ONE OF the Government's senior maths advisers has claimed that the national numeracy strategy is underpinned by "predominantly Victorian" values.
Professor Margaret Brown of King's College, London, a leading member of the Government's numeracy task force, said that the strategy is seriously out of step with Tony Blair's general philosophy.
"It seems that although the strategy is an amalgamation of the values of many people (indeed I have written parts of the framework and the task force reports myself), its core values lie nearest to the Secretary of State who fits neatly into the 'industrial trainer' category," Professor Brown told the British Educational Research Association conference in Brighton last weekend.
"Thus the driving values are predominantly Victorian, emphasising mathematics as a set of skills to be mastered by the whole class by hard work and continual practice under the control of an authoritarian teacher...
"This would seem to have its roots in ignorance of the subject and of how mathematical ideas are currently used in commerce and industry, combined with espousal of a protestant work ethic which believes that learning is more drill than joy."
Professor Brown said that when she examined the numeracy strategy she discerned the "shadowy presence" of the chief inspector, Chris Woodhead.
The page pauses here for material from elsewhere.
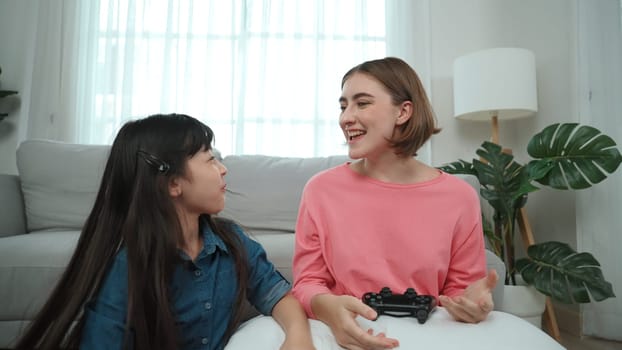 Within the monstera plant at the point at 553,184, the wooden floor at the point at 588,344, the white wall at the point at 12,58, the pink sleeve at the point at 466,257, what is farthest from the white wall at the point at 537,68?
the white wall at the point at 12,58

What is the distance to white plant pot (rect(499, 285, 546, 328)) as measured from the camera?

The initiatives that had resulted in the national literacy and numeracy projects had been mainly driven by him.
"It is clear that through the Office for Standards in Education representative and less directly through his influence on the Department for Education and Employment's standards unit, his narrow views on numeracy, not dissimilar to those of David Blunkett, held considerable sway over the detail of the framework and the strategy."
Professor Brown praised Anita Straker, director of both the numeracy project and strategy. "It is to her credit that the strategy has emerged as much less traditionalist on the ground than might have been the case if someone with less assertiveness had been appointed."
She was also pleased that teachers were imposing their own humanistic values on the numeracy strategy. If they did not, the consequences might be disastrous, she said.
"We might look forward to a generation of pupils who are reluctant to engage with mathematical thinking, cannot apply mathematics in contexts beyond the classroom, and discontinue study of the subject beyond what is strictly required.
"Pretty much in fact the situation that pertained 30 years ago and more."